Remember, I can't give you instructions for the Studio 4 interface: I don't use DAZ 4, probably never will ... Studio 5 is right around the corner now, and I'll probably skip 4 entirely and, in a year or two, hop right into Studio 5, with the newest Lux, Genesis figures, and so forth. All that belongs to the future, though, and for now, let's just turn our characters into Martians!

Load up your figure; apply whatever skinmap you need. This technique will work with swarthy complexions too, but you'll notice the greatest effects in the paler skin maps. Go into your Surfaces tab and select whichever character you're using -- doesn't matter: in the Surfaces tab, the playing field is level. With the character selected, you want to adjust the COLOR in the DIFFUSE value. The interface will give you the names of the skinmaps being used (for example, it might be JM_FalconHead.jpg), but it also gives you a field when you can pick the color on the coordinate system. Click inside that field (in Studio 3 it looks like a cross-hatched rectangle; dunno what it'll look like in your interface ... look for something offering you "diffuse color." You'll find it). Pick a shade of green and apply it to ALL of the figure at one time. The shade I used on this guy, above, was 161,243,131. You might have to pick the shade several times, test render, before you get exactly what you want; but when you have it, save your work.

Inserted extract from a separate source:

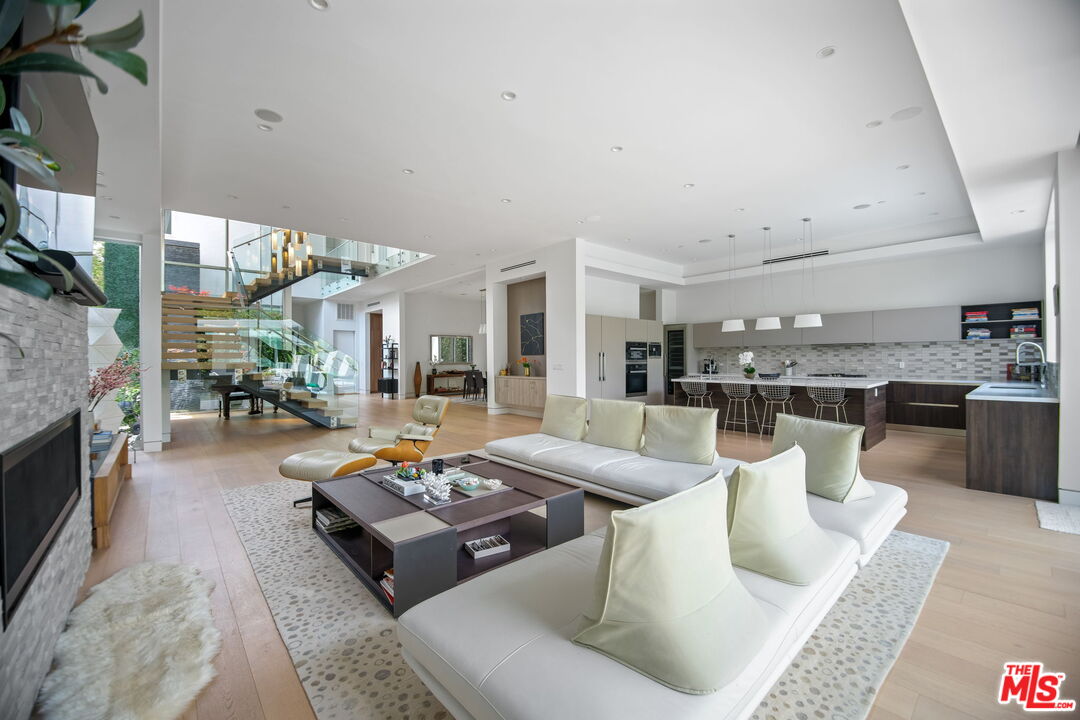 Los Angeles, California, 90046, United States, 5 Bedrooms Bedrooms, ,2 BathroomsBathrooms,Residential,For Sale,1829471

The first thing you'll notice is that even the whites of his/her eyes have gone green ... so have the teeth. We don't want this. So --

The way to revert the eyes and teeth to normal is to open the Michael (or whomever) list in the Surfaces list/pane, scoll down till you see sclera, iris, pupil, and deliberately revert the diffuse color to white. Do the same with the teeth. And you're done. Render a test shot, and the only thing you may choose to do now is change the nipple color so something like a blue-green.

Red-blooded creatures have rosy nipples, but creatures with blood based on copper or whatever won't. Same process: select "nipple" and use the color picker to get somewhere between blue and green. Apply, and render a test. Happy rendering! (Oh, those pointed ears are done using Morphs++ in my antiquated system. Don't know how you'd do this with the Genesis figures, but I know you can.)

More soon ... I'll come back to this character, also share some more paintings, and some more Amberlight pictures.